Gibney himself, heard in voice-over at several points, explains he’d originally wanted to chronicle Armstrong’s planned comeback in 2009, four years after his retirement from cycling that directly followed his consecutive 1999-2005 Tour de France wins. Like many other journalists and fans, Gibney acknowledges that the story of Armstrong — raised by a single mom in Texas and a cancer and subsequent chemotherapy survivor before becoming one of the best-known cyclists through his repeated Tour wins — was just too inspiring, hopeful and beautiful not to believe.
Though he was a self-described “fan” of his subject, Gibney admits early on that Armstrong “lied to his face” during the making of his failed 2009 film and he’s owed “an explanation on camera.” But there are no hard-hitting questions that Oprah didn’t already ask, though the film does go through greater lengths to explain how the various drugs (including EPO) and blood transfusions aided performance and went undetected for years.

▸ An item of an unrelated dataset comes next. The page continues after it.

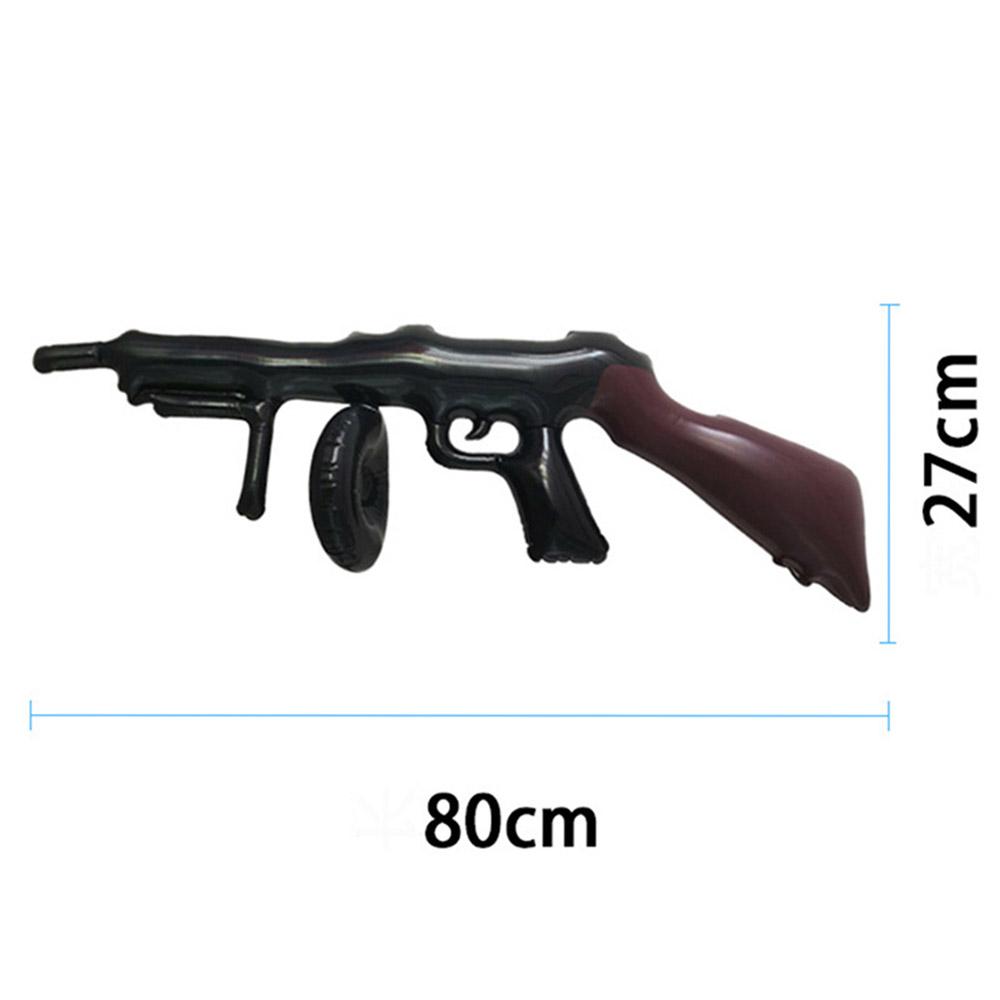 Inflatable Submachine Gun Combat Equipment Inflatable Fake Boys Birthday Party Decoration Children'S Favorite Toys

Still, The Armstrong Lie feels more often like a possibility for the director to revive an abandoned passion project and try to turn it into something of a (cosmetically more appealing) Frankenstein’s Monster, using interview and some impressive Tour footage from the original film and some newly shot material to make what would finally turn out to be a quite absorbing but never riveting or revelatory overview of Armstrong’s career and testy personality.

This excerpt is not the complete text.